Study design: The inflammatory responses of primary human intervertebral disc (IVD) cells to tumor necrosis factor α (TNF-α) and an antagonist were evaluated in vitro.
Objective: To investigate an ability for soluble TNF receptor type II (sTNFRII) to antagonize TNF-α-induced inflammatory events in primary human IVD cells in vitro.
Summary of background data: TNF-α is a known mediator of inflammation and pain associated with radiculopathy and IVD degeneration. sTNFRs and their analogues are of interest for the clinical treatment of these IVD pathologies, although information on the effects of sTNFR on human IVD cells remains unknown.
Methods: IVD cells were isolated from surgical tissues procured from 15 patients and cultured with or without 1.4 nmol/L TNF-α (25 ng/mL). Treatment groups were coincubated with varying doses of sTNFRII (12.5-100 nmol/L). Nitric oxide (NO), prostaglandin E₂ (PGE₂), and interleukin-6 (IL6) levels in media were quantified to characterize the inflammatory phenotype of the IVD cells.

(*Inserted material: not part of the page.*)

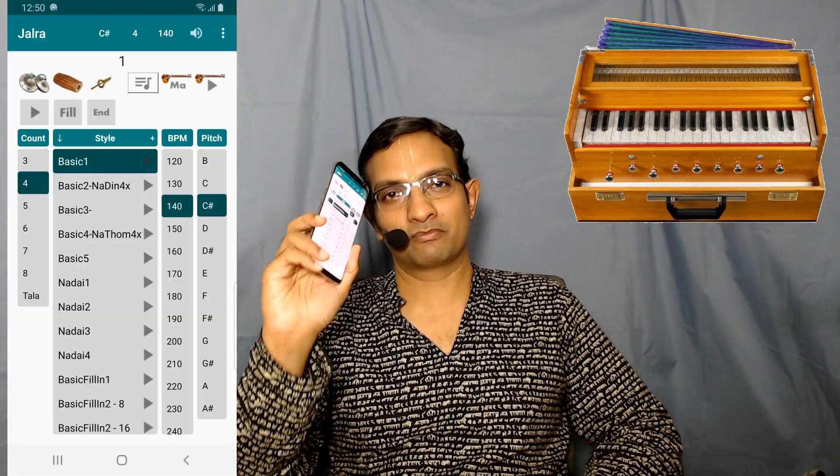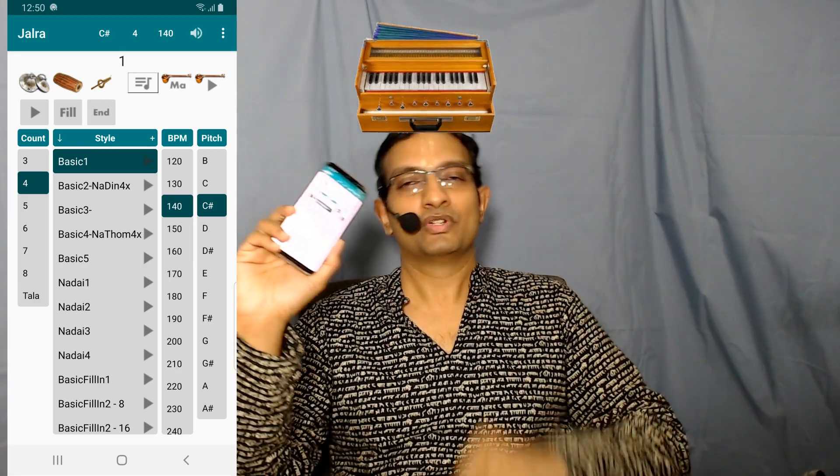Jalra can be used as a Shruti box or as a Mrdangam to play Mrdangam loops when you are performing or practicing. Today, I am here to announce yet another feature on this app — the Harmonium module built into the Jalra app. I am a Harmonium player and I always wondered how I can play Harmonium using just an app.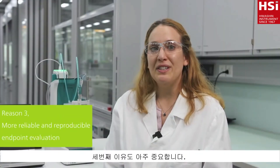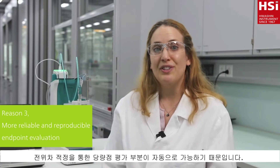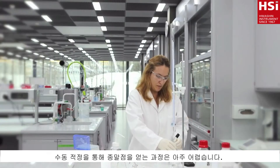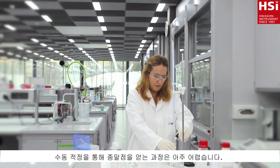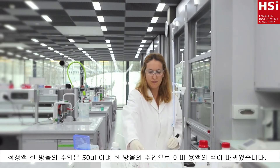My third reason is also very important. With automatic titration, the titration endpoint is evaluated automatically. This means your results will be more reliable and reproducible. When performing a manual titration, detection of the endpoint can be difficult. One drop of titrant can already drastically change the color of your solution.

Results: Across all patients, TNF-α induced large, statistically significant increases in NO, PGE₂, and IL6 secretion from IVD cells compared with controls (60-, 112-, and 4-fold increases, respectively; P < 0.0001). Coincubation of TNF-α with nanomolar doses of sTNFRII significantly attenuated the secretion of NO and PGE₂ in a dose-dependent manner, whereas IL6 levels were unchanged. Mean IC₅₀ values for NO and PGE₂ were found to be 35.1 and 20.5 nmol/L, respectively.
Conclusion: Nanomolar concentrations of sTNFRII were able to significantly attenuate the effects of TNF-α on primary human IVD cells in vitro. These results suggest this sTNFR to be a potent TNF antagonist with potential to attenuate inflammation in IVD pathology.